Ve ülkeyi İngiliz-ABD mandası eden de Adnan Menderes
değil İsmet İnönü’dür. Menderes o işin figüranı olmuştur.
Bu büyük
adamın adı arkasına saklanan sahte Atatürkçü devşirme tayfaları, içini
dolduramadıkları “Atatürkçülük” kavramını, ABD’nin 1950 sonrası yaptığı
şırıngalarla doldurmuşlar bu da zehirleme yapmış askerce dayatılan “boş
Atatürkçülük” sivillerce irticacı düşmanlarının palazlanmasına sebep olmakta
kullanılmıştır.
Bu gün de
gerici irticanın getirme gayretlerinden ürkenlerin, onu sevmeyenler de dahil
onun adıyla anılan, içine sıçılmış Atatürkçülük ilkelerini savunmak zorunda
kalmasıdır.
Bu günün Atatürkçülüğü de budur.
|
Resim yazısı ekle |
Gerçek Atatürkçüler, 1980 öncesi vardılar ve etkili
olamadılar, sevdiremediler “Kemalizm’i”. Çünkü Kemalizm, ne Atatürk’ün istediği
şekildeydi ne de ona düşman mandacı, irticacı azınlıkların benimseyebileceği
şeylerdi.
Solcuların Sosyalizm ve Komünizm sistemleriyle de
uyuşmuyordu. Bu yüzden gelişemedi.
Son 13 yıldır, irticacı AKP ile ortaya çıkan rejim
endişesine rağmen bu eski tüfek Atatürkçüler gene başarılı olamadılar. Çünkü
Amerika’ya Avrupa'ya uzanan göbek bağlarını gören millet arkalarından gitmedi.
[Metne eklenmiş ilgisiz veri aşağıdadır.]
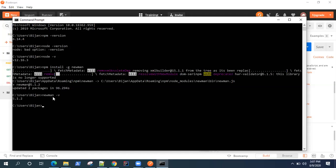Once this is done, now we can run our collections from Newman. We'll be looking at that in the next section. But this is how you can set up Newman. It's pretty simple. Just install Node.js on your machine, and then with the help of NPM, you can install Newman.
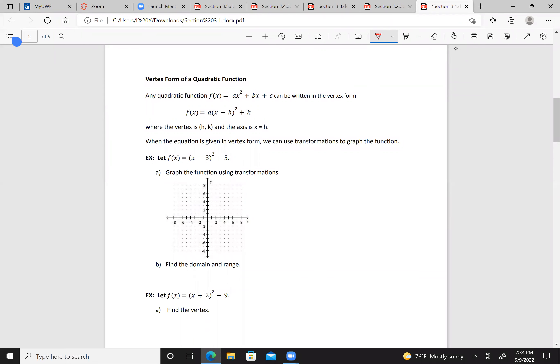We can also write the vertex form of a quadratic function. Any quadratic function f(x) = ax² + bx + c can be written in vertex form: f(x) = a(x - h)² + k, where the vertex is (h, k) and the axis is x = h. When the equation is given in vertex form, we can use transformations to graph the functions.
Devletin içine düştüğü gerçek durumu anlatmayı en
iyi başaran eski tüfek solcular Atatürk sevgisinin yayılmasını sağladılar.
Şimdi AKP’ye hizmet eden ama muhalif görünen, asker,
polis, sivil tipler de 7/24 “gerçek Atatürk’çü-Sahte Atatürkçü tasniflerine
başladılar.
Son beş yılda gelişen AKP muhalefetinden siyasi rant
uman küçük beyinli bir çok mahluk ta kendilerince hedef belirledikleri
yazan-çizen-okuyan tipleri karalama, küçük düşürme derdine düştüler.
Bu salaklar, daha tehlikenin geçmediğini hatta en
tehlikeli zamanını yaşadığının farkında bile değiller.
Bunu bilerek veya bilmeyerek yapıyorlarsa irticacı
sivil cunta AKP’ye hizmet ettiklerini de göremiyorlar ya da kasıtlı yapıyorlar
demektir.
Yaratılan bu türdeşlerin yamyamlaşması halinden kurtulunmazsa zaten geç kalınmış
beğenmediğimiz oligarşik demokrasiyi de şeri rejimle değişmiş olarak göreceğiz
demektir.
Göbeğünden biryerlere bağlanmış olan satılmışların
teşhirini biz yapıyoruz millet görüp takdir etmek zorundadır.
Takdir kendilerinindir, kendileri sorumludurlar.